(June 5, 2012) – Florida will continue its purge of voter rolls, officials said, despite a Justice Department warning that the state was in violation of federal law.

Gov. Rick Scott on Monday defended the decision, saying it was a matter of fair elections.
“We need to have fair elections. When you vote, you want to make sure that the other individuals that are voting have a right to vote. That’s what I care about,” he said, according to the Miami Herald. “If you’re a candidate, you want to make sure that the people that vote in your election are people who have a right to vote. So my focus is in making sure that our state has fair elections. People who have a right to vote (can) vote. Because I don’t want to disenfranchise anybody in their voting rights.”

But many questioned the timing of the initiative just months before Florida plays a key role in the presidential election in November. In another question of timing, the DOJ pointed out that Florida had missed the May 16 deadline for voter registration maintenance—90 days before the state’s Aug. 14 primaries—which is required by the National Voter Registration Act. But Scott blamed the Obama administration for the setback, saying the Department of Homeland Security had denied them access to much needed immigration information that would help them weed out suspected noncitizens.
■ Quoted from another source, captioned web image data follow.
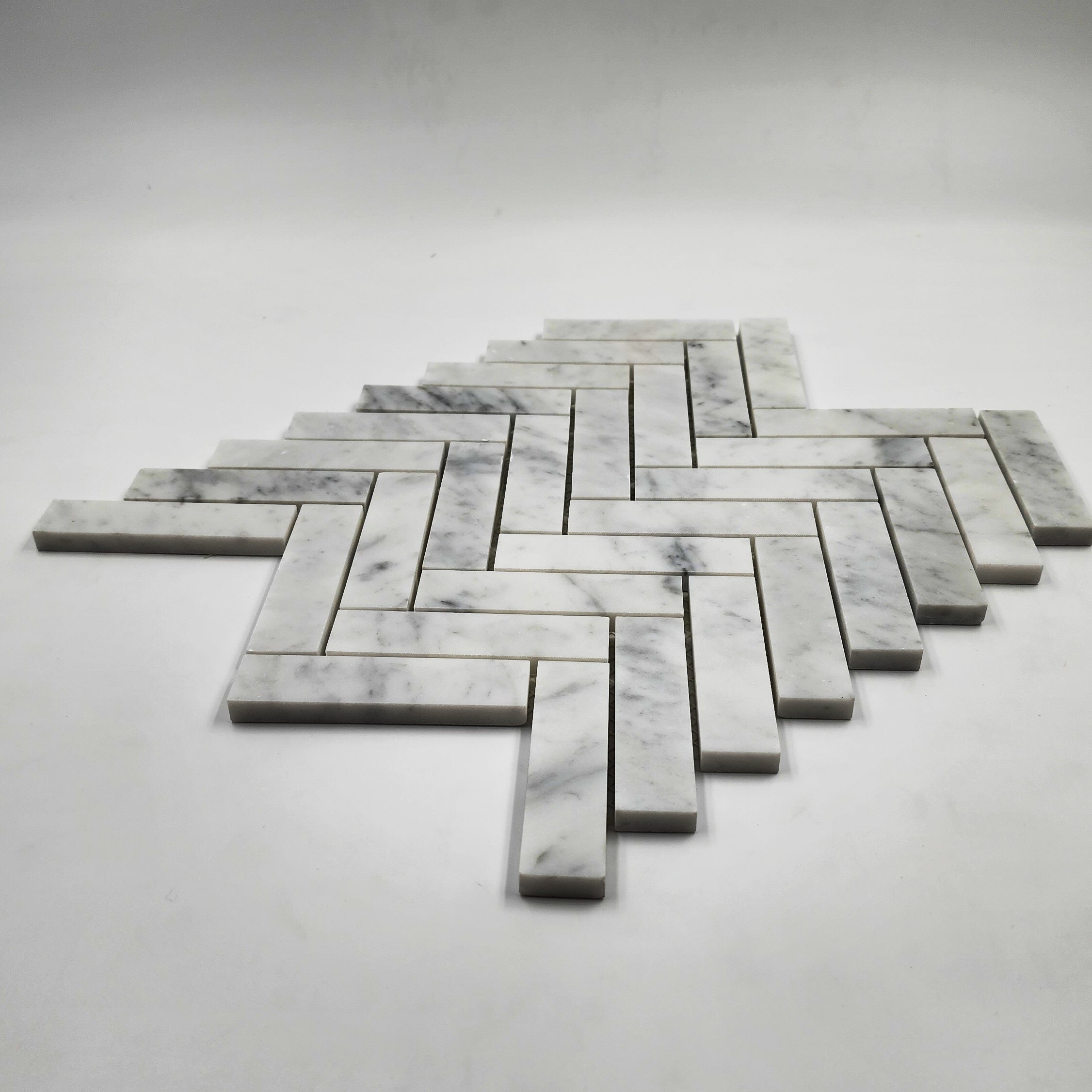 Carrara White Marble Herringbone 1"x4" Mosaic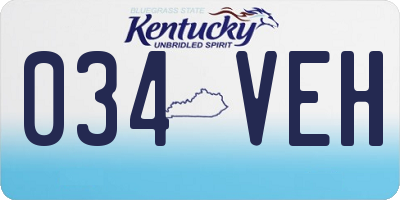 KY license plate 034VEH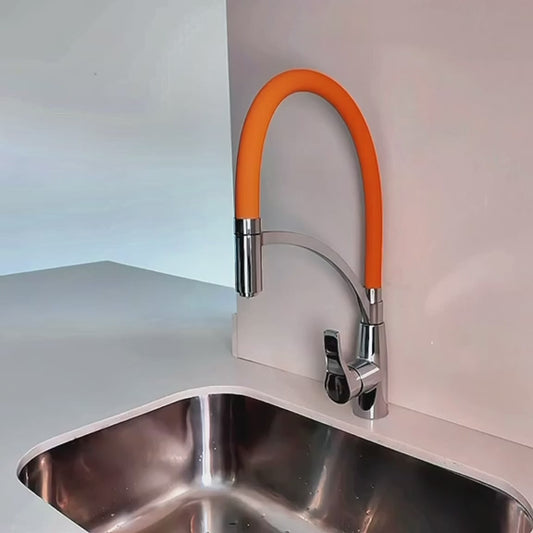 Orange Pull-Out Kitchen Faucet with Flexible Silicone Hose | Aquahaus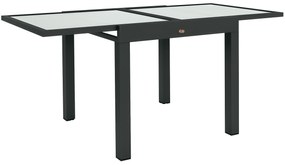 Outsunny Masă Extensibilă de Grădină de Dimensiuni Mari dim. desfășurate 160 x 80 x 75 cm Aluminiu Blat Sticlă Securizată Transparent | Aosom Romania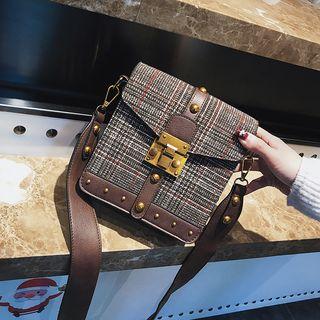 Plaid Push-lock Crossbody Bag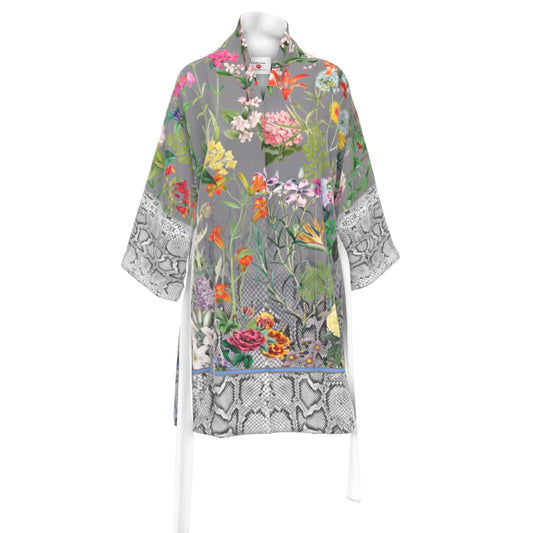 Bloom Fade Snake Silk Kimono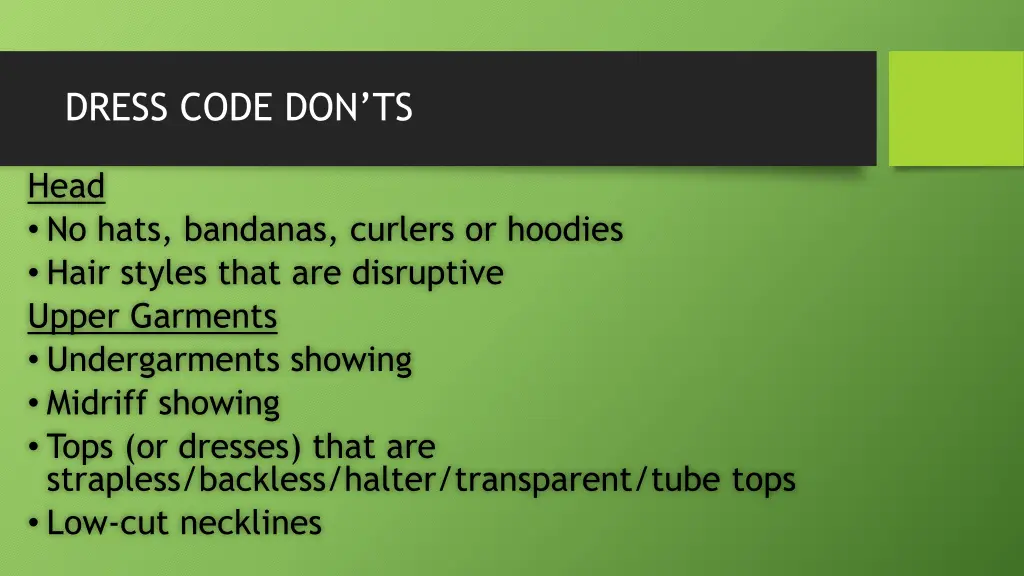 dress code don ts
“We were waiting on the (U.S. Department of) Homeland Security database. So it just kept getting delayed. I’m responsible for the state, but my understanding is they just kept delaying it,” he said. “…There is no perfect time for doing any of these things. We just want fair elections. That’s what all of us want. This is not a partisan issue.”

Despite the governor’s stance, local elections officials are poised to halt their spring cleaning of the voter database—some never started. A lawyer for the Florida State Association of Supervisors of Elections advised counties to cease their removal of names until the Justice Department’s concerns were resolved, according to CNN.

“I recommend that Supervisors of Elections cease any further action until the issues raised by the Department of Justice are resolved between the parties or by a Court,” wrote legal counsel Ron Labasky in a June 1 letter.

Concerns about the purge—which was initiated by Gov. Scott, a Republican—arose when a Miami Herald analysis revealed that minorities were being unfairly targeted.

In its letter to the state sent last Thursday, the DOJ said that not only had Florida missed the deadline for completing its review of the voter rolls, but it had also failed to obtain federal preapproval for making changes in the elections laws and procedures as required by the Voting Rights Act of 1965. According to the Act, Washington has far-reaching oversight in jurisdictions like Florida that have a history of voter discrimination. Five of Florida’s counties are covered under the Voting Rights Act.

Florida has until June 6 to respond to the DOJ’s letter.